Given information »

━━━

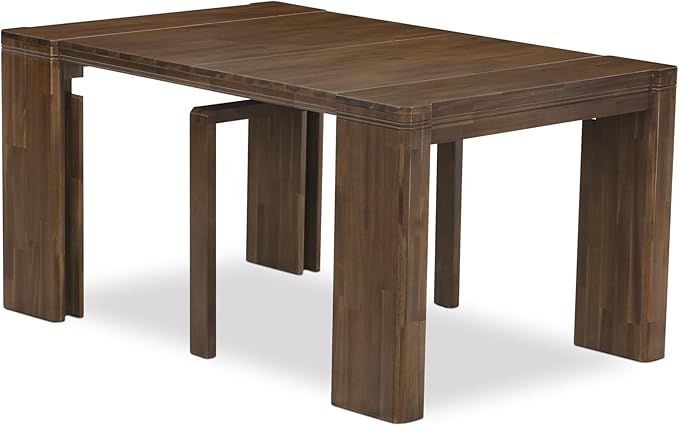 X02DA-208-32 5-Pc Mid Century Dining Table Set contains an Extendable Rectangle Kitchen Table, 2 Polyester Dining Chairs and 2 Modern Benches, 39x120 Inch, Antique Walnut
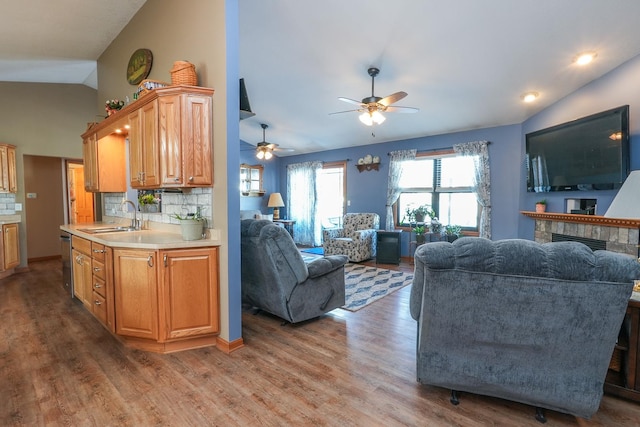 kitchen featuring vaulted ceiling, a fireplace, sink, and hardwood / wood-style floors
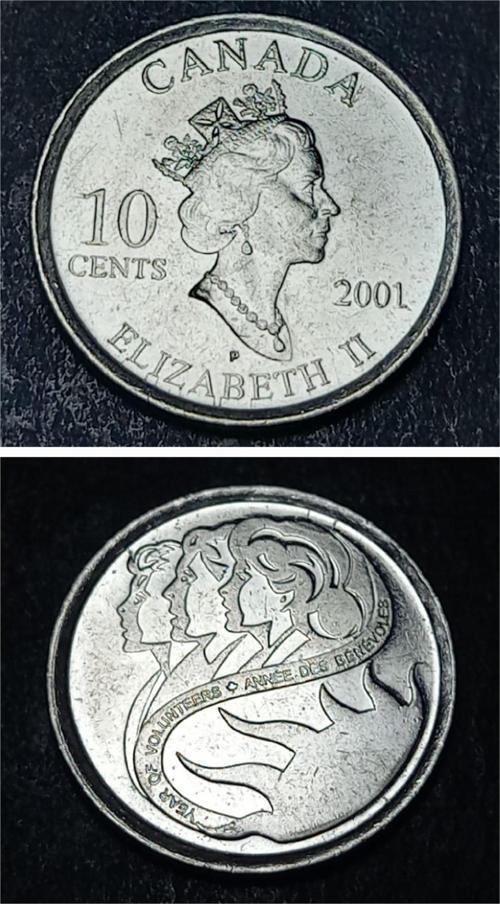 Escoines 39963688aa08c661e7 2001 Kanada 10 Cent Uluslararası Gönüllüler Yılı CA Para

━━━

What the exercise asks » The listing should be transcribed exactly. No picture is to appear in the transcription.

Exercise response »
 X02DA-208-32 5-Pc Mid Century Dining Table Set contains an Extendable Rectangle Kitchen Table, 2 Polyester Dining Chairs and 2 Modern Benches, 39x120 Inch, Antique Walnut
 kitchen featuring vaulted ceiling, a fireplace, sink, and hardwood / wood-style floors
 Escoines 39963688aa08c661e7 2001 Kanada 10 Cent Uluslararası Gönüllüler Yılı CA Para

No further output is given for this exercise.